SSH-004 MUŠ.ḪUŠ 「大剣」
折り畳み式の大型剣。「聖剣」としての特性を持ち、悪属性に効果が大きい。

SSH-005 DLAḪ.MU 「光盾」
強力な光のシールドを展開する。自分だけでなく味方を守るのにも使用可能。元となった神格「ラフム」になぞらえ、シールド自体が「神性」を纏っている。

SSH-006 U4.GAL.LA 「弾幕」
六連装ミサイル×2。追尾機能を持つ。リロード速度が群を抜いており、事実上ミサイルを発射し続けられる。

SSH-007 UR.IDIM.ME 「魔拳」
左右の掌底部、及び両足裏に内蔵された超高火力ビーム砲。
射程が短いため、零距離攻撃が前提となる。

SSH-008 GIR.TAB.LU.U18.LU 「防壁」
自動防衛システム。一定の閾値を超えるまで、ティアマトへの攻撃を無効化するシステム。
武装が消耗した場合、自動防衛の代わりに自己回復を行うこともできる。

SSH-009 U4.MI DA.AB.RU.TI 「青嵐」
風力制御ユニット。風の動きを操作し、自身を加速させつつ防弾を行う。
風の抵抗や摩擦なども防ぐ役割を持つ。

SSH-010 KU6.LÚ.U18.LU 「流転」
水力制御ユニット。海の化身として、周囲の水を操作できる。
複数の兵装を「流れるようにタイムロス無く運用する」ことにも使われている。
加熱した兵装の冷却も担当。

SSH-011 KU.SA.RIK.KUM 「天殻」
圧縮した光の粒子を、自身を中心として周囲に開放。

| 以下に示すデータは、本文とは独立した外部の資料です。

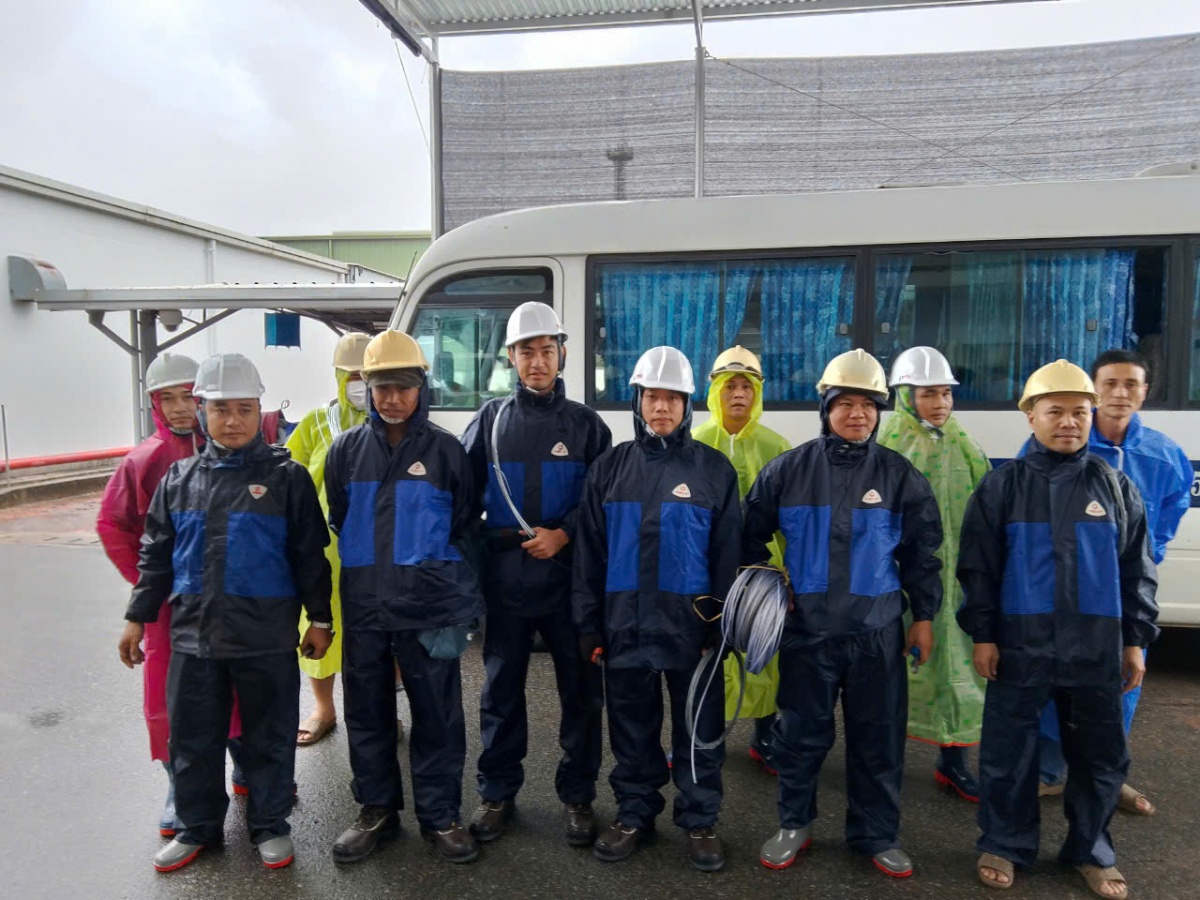 Lực lượng chủ chốt Phòng chống lụt bão của Công ty TNHH MSV ra quân ngày 18/9 để triển khai các biện pháp ứng phó với ATNĐ đang gây mưa lớn tại Huế. Ảnh ĐVCC Lực lượng chủ chốt Phòng chống lụt bão của Công ty TNHH MSV ra quân ngày 18/9 để triển khai các biện pháp ứng phó với ATNĐ đang gây mưa lớn tại Huế. Ảnh ĐVCC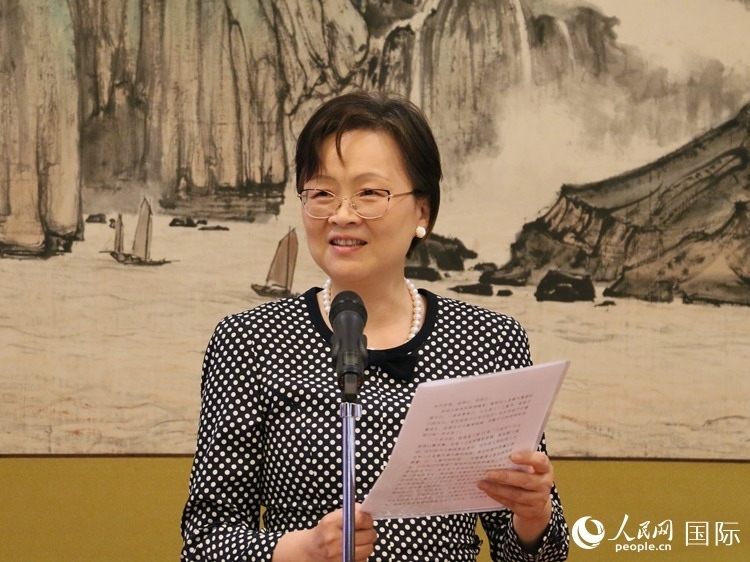大使夫人丁玥致辭。人民網(wǎng) 許可攝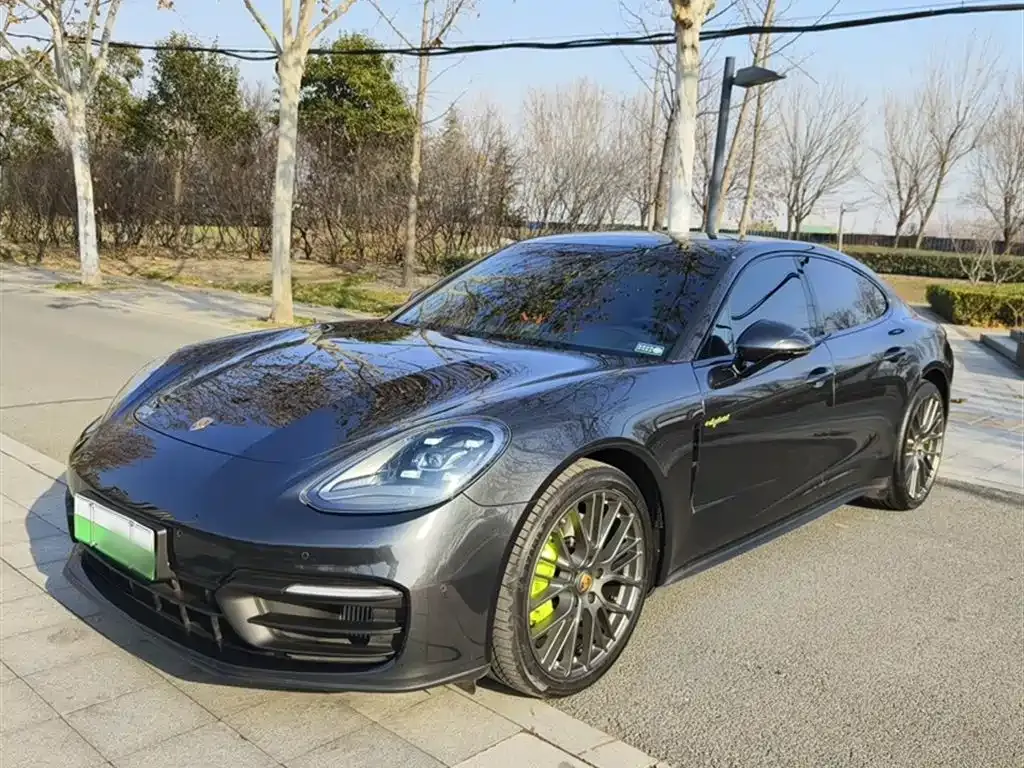 Porsche Panamera Hybrid — фото 1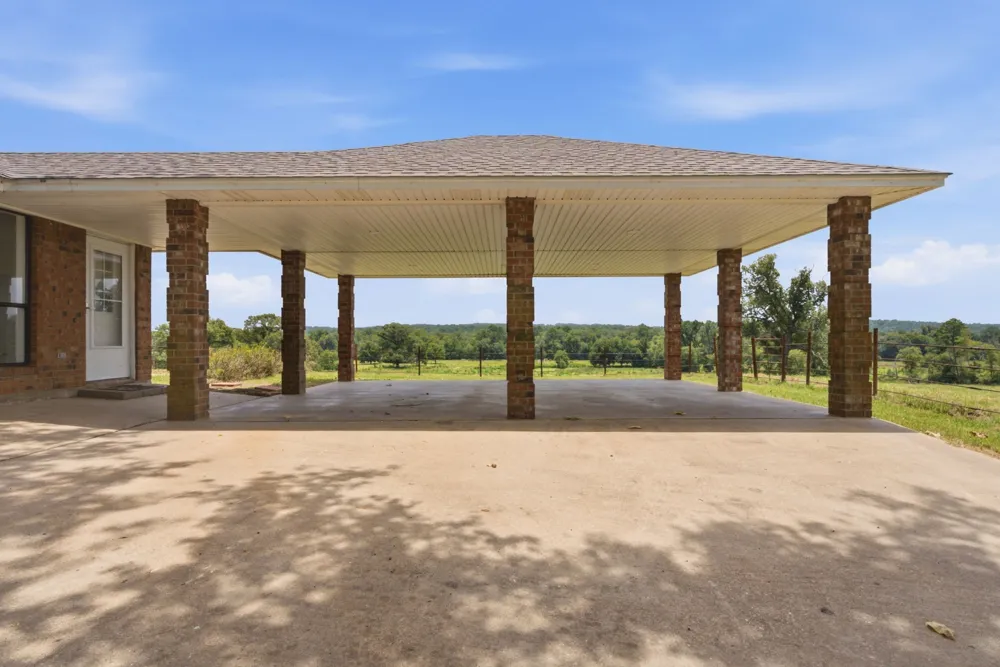931 PR 5140 Grapeland, TX 75844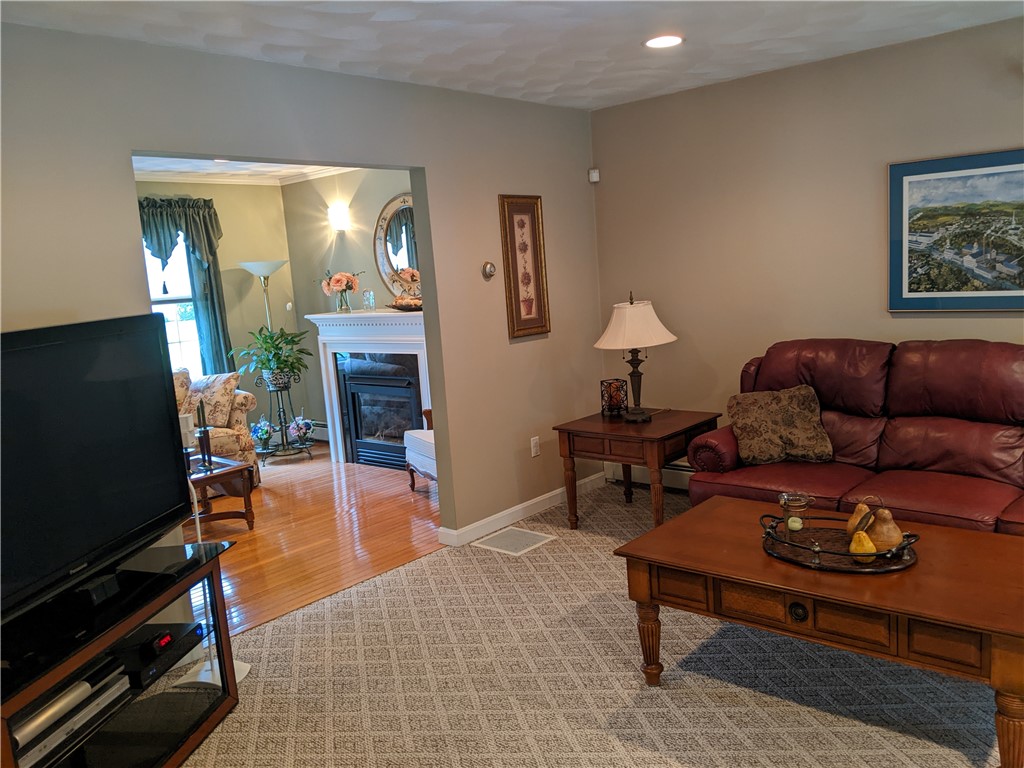 177 Thunder Trail Cranston, RI 02921 - Photo 8 of 31 Opened to Fam Rm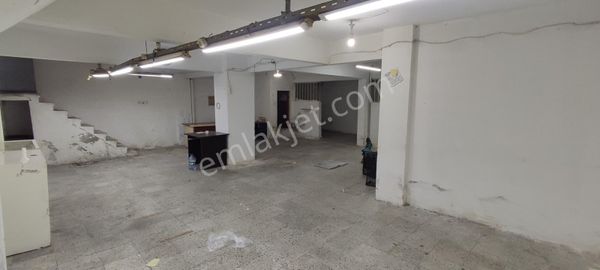 Özgür İnşaat"tan Cebeci Mah"de Temiz Kiralık Dükkan,depo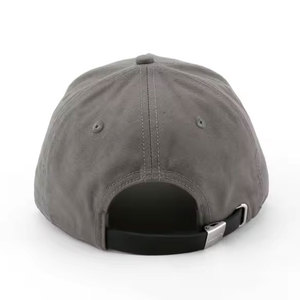 Casquette de baseball à 5 panneaux gris foncé avec logo personnalisé, coupe basse, design extérieur structuré, casquette Snapback avec motif de feuille pour jeux de balle - Product Image 4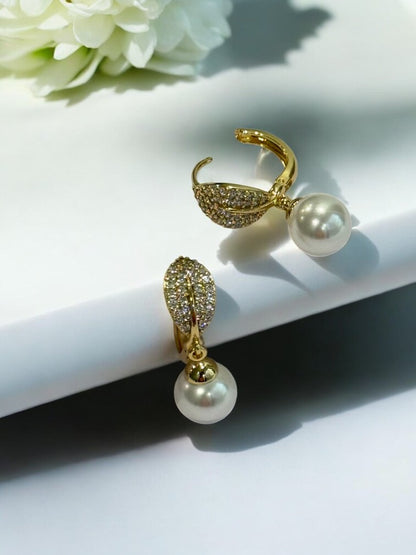 GOLDEN PEARL JORNIE EARRINGS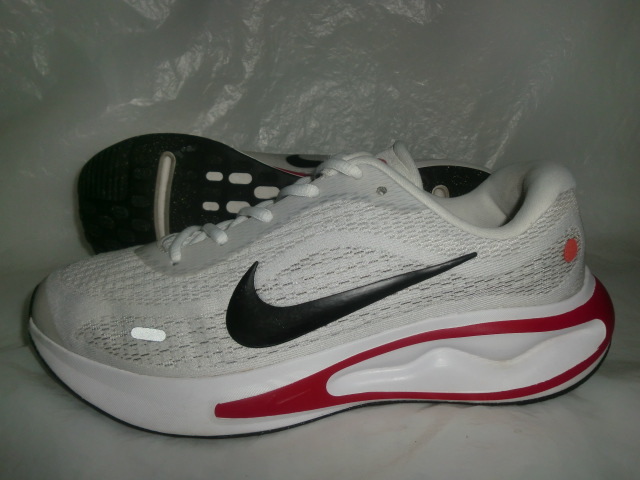 ★NIKE JOURNEY RUN `24製ナイキ FN0228-103 ジャーニーラン ホワイト/ブラック/レッド拍卖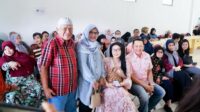 Bamsoet dan Keluarga Gunakan Hak Pilihnya di TPS 12 Purbalingga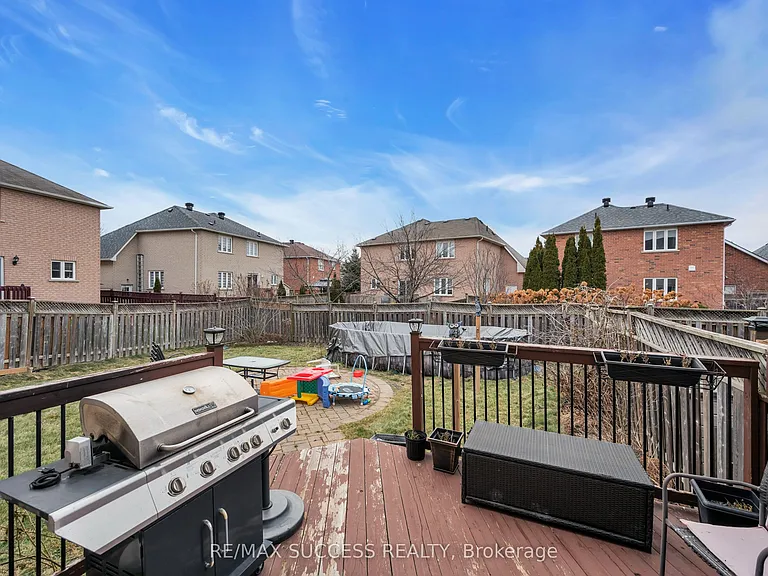 228 Flagstone Way — Photo 36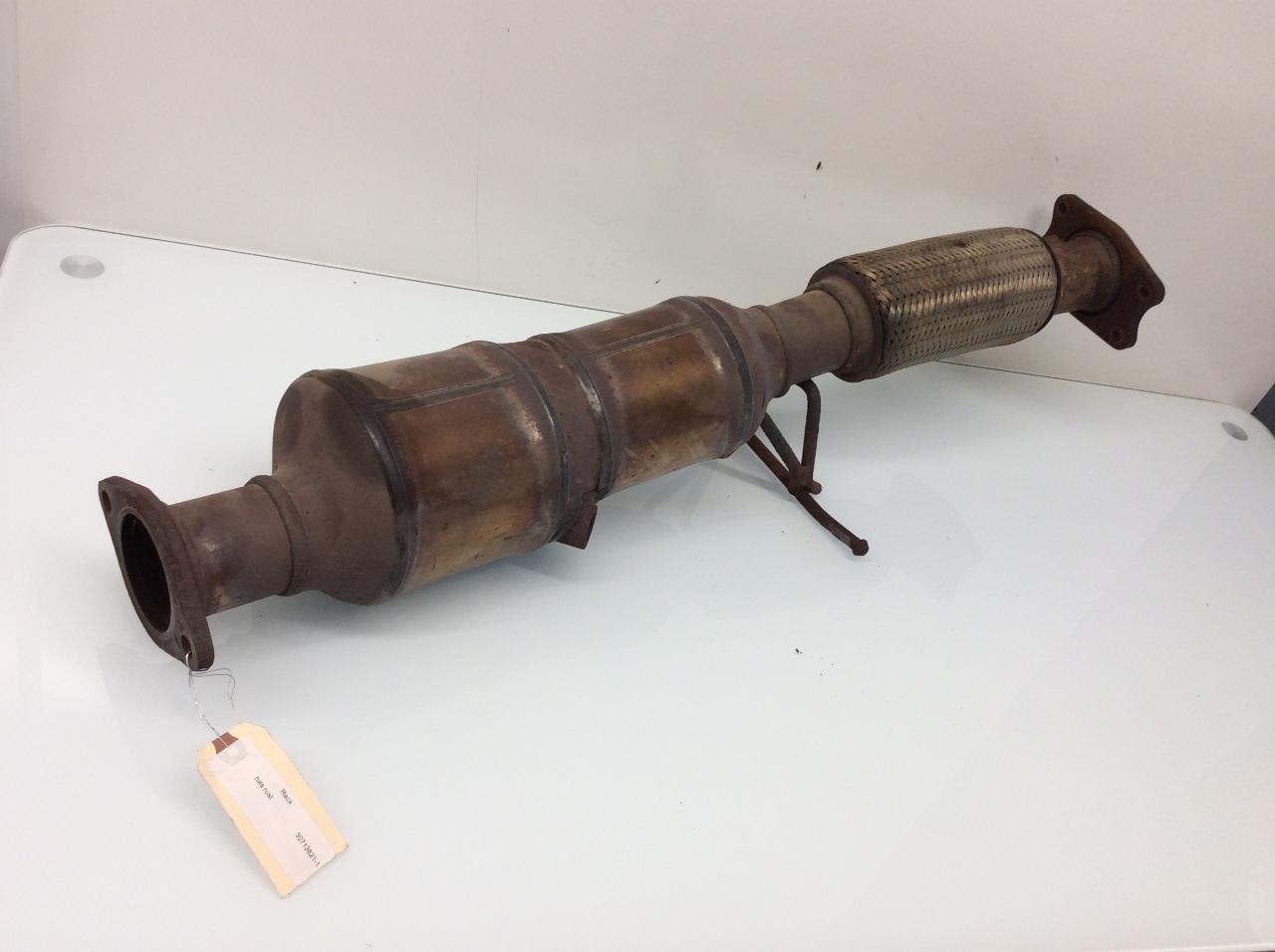 05 06 07 08 09 10 Volvo S40 2.4 exhaust header pipe muffler downpipe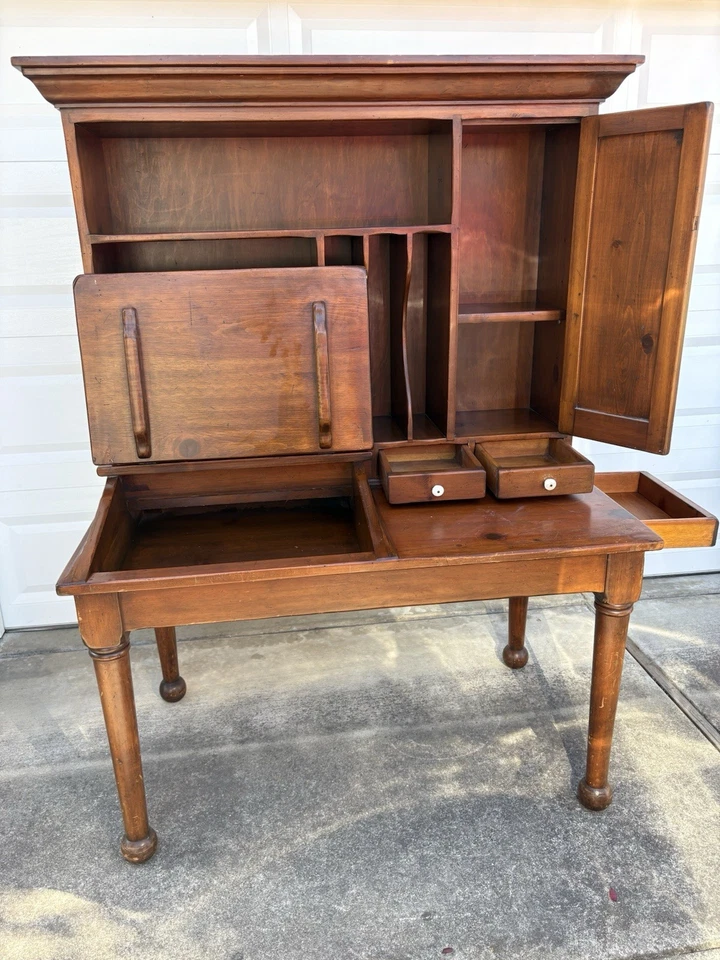 Escritorio grande moderno de mediados de siglo para dibujo/arquitectura Foto 4 de 4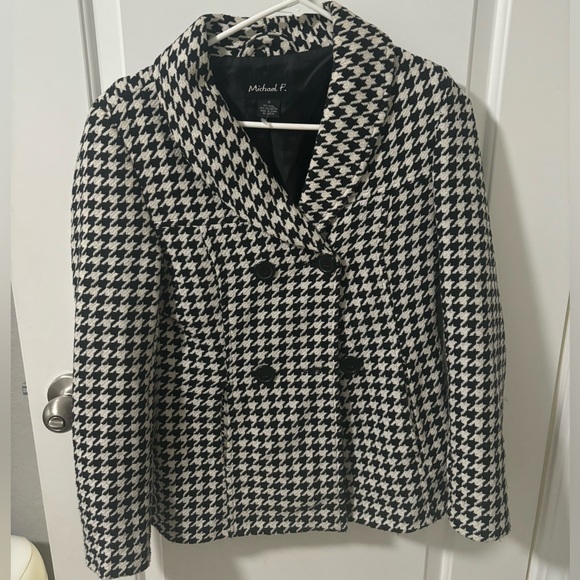 Michael P Coat black and white - Picture 1 of 3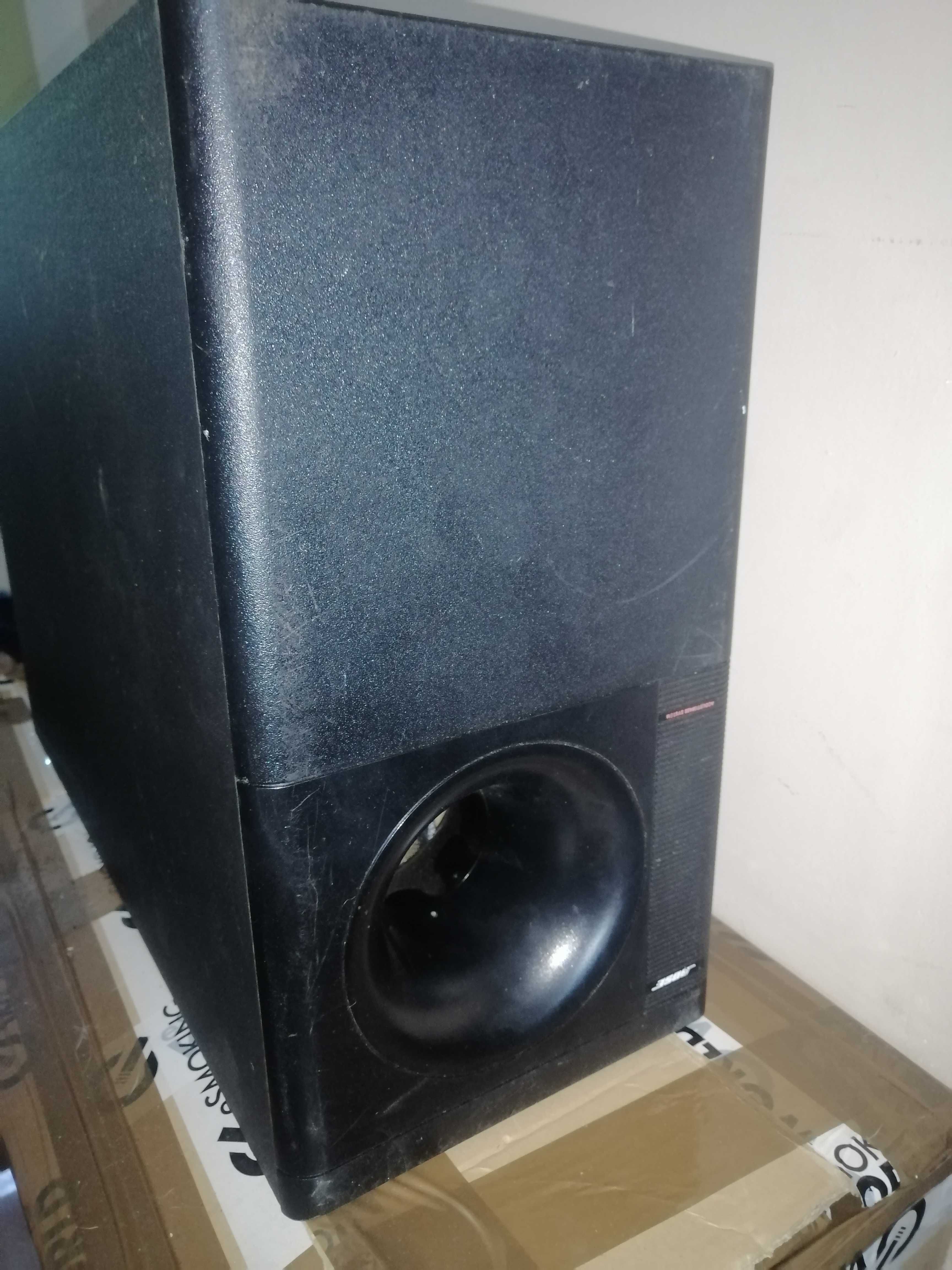 subwoofer bose opis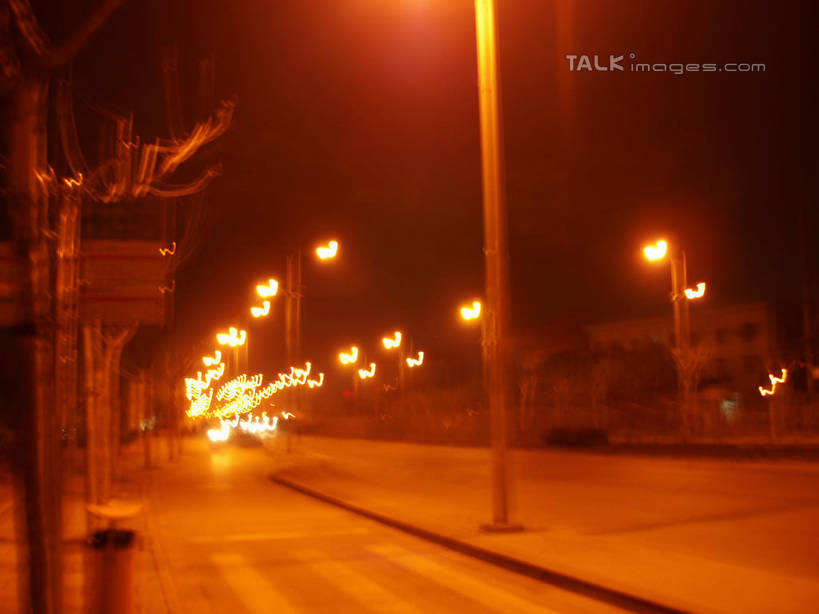 无人,横图,室外,夜晚,正面,长时间曝光,度假,美景,城市风光,城市,道路,路,路灯,人行横道,公路,照明,阴影,朦胧,模糊,光线,影子,景观,人行道,灯光,枝条,交通,娱乐,灯,树枝,天空,天,享受,休闲,景色,放松,照亮,照明设备,人行横道线,曝光,虬枝,枝杈,斑马线,马路,彩图,shslj1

衝撃波で敵を吹き飛ばす。
強力な分、二度までしか使用できない。

SSH-EX DKIN.GU「旗手」
戦況解析を行い、最適な行動を行うための補佐ユニット。もしティアマトが意識を失った場合にはコントロールを交代し、自律稼働させられるシステムを持つ。
【変容】により、自身が受けたことのある攻撃をコピーして発動できる。
ティアマト本人は「コピー」を1度までしか使用できないが、「キングゥ」がコントロールしている場合は出力自体が下がる代わりに、武装の最適化を行いコピーの回数を増やすことができる。